**TASK BRIEF**
Using the records below, copy exactly the part that opens with the line holding "2013 Ford Fusion" and closes with the line holding "އިންޓަވިއުއަށް ބޮޑު ތަރުހީބެއް!", minus the pictures.

**SOURCE DATA**

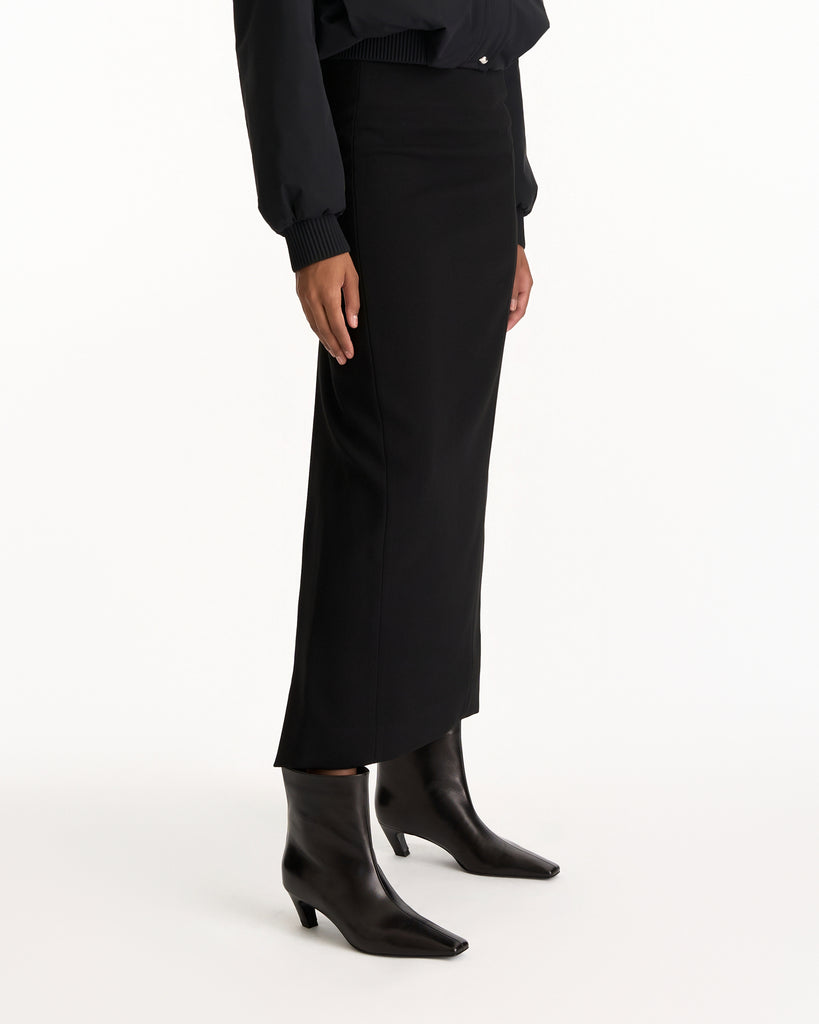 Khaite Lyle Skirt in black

==

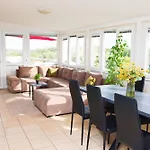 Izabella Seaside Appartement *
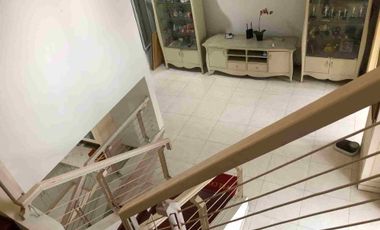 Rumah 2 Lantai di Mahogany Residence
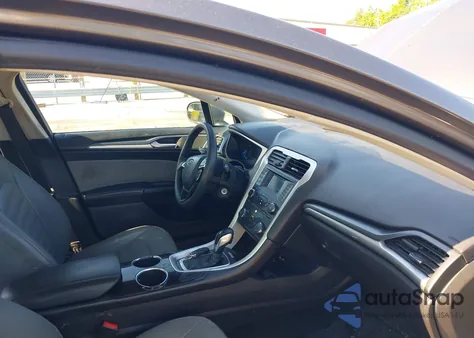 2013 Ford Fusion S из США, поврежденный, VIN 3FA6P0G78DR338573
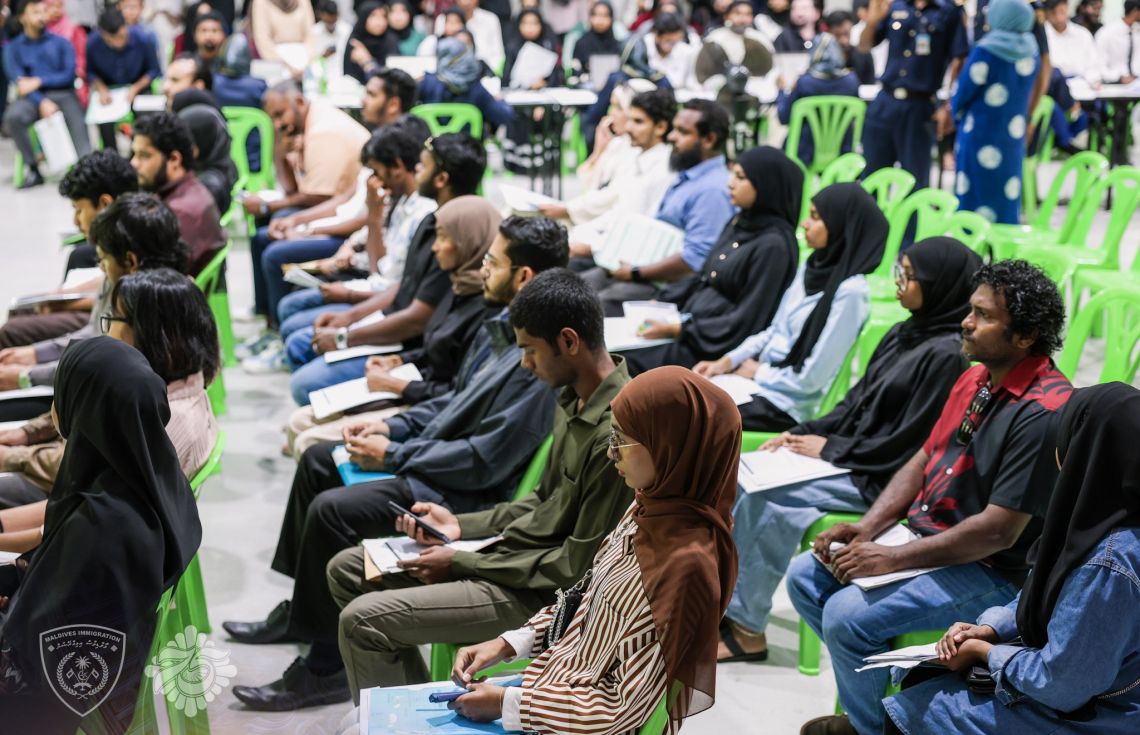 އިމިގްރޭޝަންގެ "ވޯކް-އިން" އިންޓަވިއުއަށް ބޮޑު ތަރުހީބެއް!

* * *

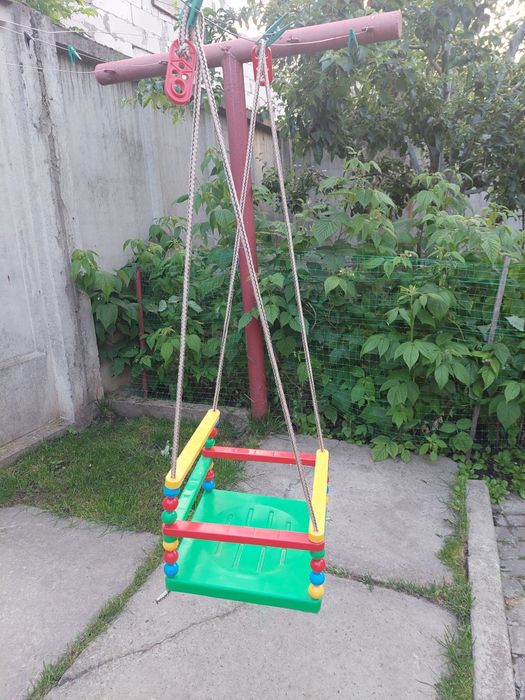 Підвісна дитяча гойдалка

**RESPONSE TO THE EXERCISE**
 2013 Ford Fusion S из США, поврежденный, VIN 3FA6P0G78DR338573
 އިމިގްރޭޝަންގެ "ވޯކް-އިން" އިންޓަވިއުއަށް ބޮޑު ތަރުހީބެއް!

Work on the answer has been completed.